Une telle désinformation a forcément un objectif précis.
Elle en a deux, bien distincts.
Le premier est spécifique à la branche. 2001-2004 : éclatement de la bulle Internet, crise des Télécoms, et surtout pression des clients sur la révision des tarifs à la baisse ... Les SSII ont licencié massivement, le plus souvent sans PSE ni suite aux prud'hommes, environ 30.000 informaticiens. Leur image de marque s"en est trouvée profondément dégradée.
D'autant que la réalité des conditions de travail du secteur a enfin commencé à se faire jour. Et les étudiants s'en sont donc détourné : catastrophe pour une profession qui, comme l'a dit Monolecte, consomme essentiellement du JD.

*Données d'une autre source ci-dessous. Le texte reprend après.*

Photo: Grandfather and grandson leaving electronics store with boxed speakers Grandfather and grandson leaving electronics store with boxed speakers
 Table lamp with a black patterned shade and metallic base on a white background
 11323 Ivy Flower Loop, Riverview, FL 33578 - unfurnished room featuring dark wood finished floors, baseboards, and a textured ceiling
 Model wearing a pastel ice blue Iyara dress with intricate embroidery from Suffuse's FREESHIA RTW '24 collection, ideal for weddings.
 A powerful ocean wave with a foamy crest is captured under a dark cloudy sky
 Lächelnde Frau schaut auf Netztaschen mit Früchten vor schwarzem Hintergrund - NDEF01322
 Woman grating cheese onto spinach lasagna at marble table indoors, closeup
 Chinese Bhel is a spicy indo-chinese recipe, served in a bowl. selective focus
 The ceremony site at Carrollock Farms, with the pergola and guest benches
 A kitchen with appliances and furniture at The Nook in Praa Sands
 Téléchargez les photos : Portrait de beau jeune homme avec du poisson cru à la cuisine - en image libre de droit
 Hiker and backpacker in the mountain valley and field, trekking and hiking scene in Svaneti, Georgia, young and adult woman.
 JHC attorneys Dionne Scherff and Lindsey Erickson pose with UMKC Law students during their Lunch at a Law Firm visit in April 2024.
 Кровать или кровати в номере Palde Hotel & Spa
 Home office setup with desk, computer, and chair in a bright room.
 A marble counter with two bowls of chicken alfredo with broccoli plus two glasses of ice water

Or, oui, dans certains secteurs (avant tout la grosse artillerie qui permet aux grosses entreprises et aux multinationales de fonctionner - et de délocaliser - et la finance), le marché repart, et génère un turn-over conséquent sur un segment précis : bac+5, <35 ans, Paris, Lyon, PACA, pour être large.
Il y a donc pénurie d'informaticiens peu expérimentés à qui l'on demande en outre, de plus en plus, d'effecter les tâches normalement confiées à des gens d'expérience. Il y a déqualification programmée des métiers, qui ne gêne en rien un patronat qui n'a jamais eu d'autres objectifs qu'à très court-terme.
En fait, il y n'a pénurie que parce que l'
on maintient délibérement 30 à 40.000 informaticiens au chômage.
Je ne crois pas que l'"importation d'informaticiens indiens" soit d'ores et déjà une option, sinon à la marge. Les pays de l'Est sont sans doute un meilleur choix, mais pour l'instant, c'est encore une perspective à quelques années.
Le deuxième mobile est moins évident en apparence. Bien qu'exposé noir sur blanc dans le dernier article de Libé :
Marjorie Philibert a écrit :C'est le seul métier qualifié à être entré cette année dans le fameux classement des dix métiers les plus recherchés.
Les TIC ont toujours été mise en avant comme secteur créant indéfiniment de l'emploi alors qu'elles en détruisent de fait :
Sylvie Craipeau, l'Entreprise Communicante, a écrit :Pour 1 emploi créé sur un projet ERP, 6 sont détruits.
Le vrai problème que l'on cherche à masquer, c'est que si les TIC ne créent pas d'emploi, alors,
il n'y a plus aucun secteur qui crée de l'emploi qualifié.
Raison pour laquelle, bien au delà des préocuppations mesquines du patronant de la branche, qui ne représente que 600.000 emplois environ, dont la moitié seulement pour les SSII, il faut absolument entretenir le mythe de la "pénurie d'informaticiens".
Sans quoi, il faut avouer qu'il ne nous reste alors plus que les fameux secteurs sous tension : le bâtiment, l'hôtellerie, c'est-à-dire, très simplement :
une économie de pays sous-développé. Avec comme cela a toujours été le cas dans ces économies-là, sa caste d'aristocrates riches et puissants, ses inégaltés sociales de plus en plus prononcées, et quand démocratie même il y a, sous très haute surveillance.
On ne le répétera jamais assez : tout ce qui touche aux TIC, entendu au sens large, Informatique ET Télécommunications, comporte des enjeux qui vont bien au delà du seul secteur d'activité. Je ne vois guère que la question du pétrole, qui soit aujourd'hui plus brûlante.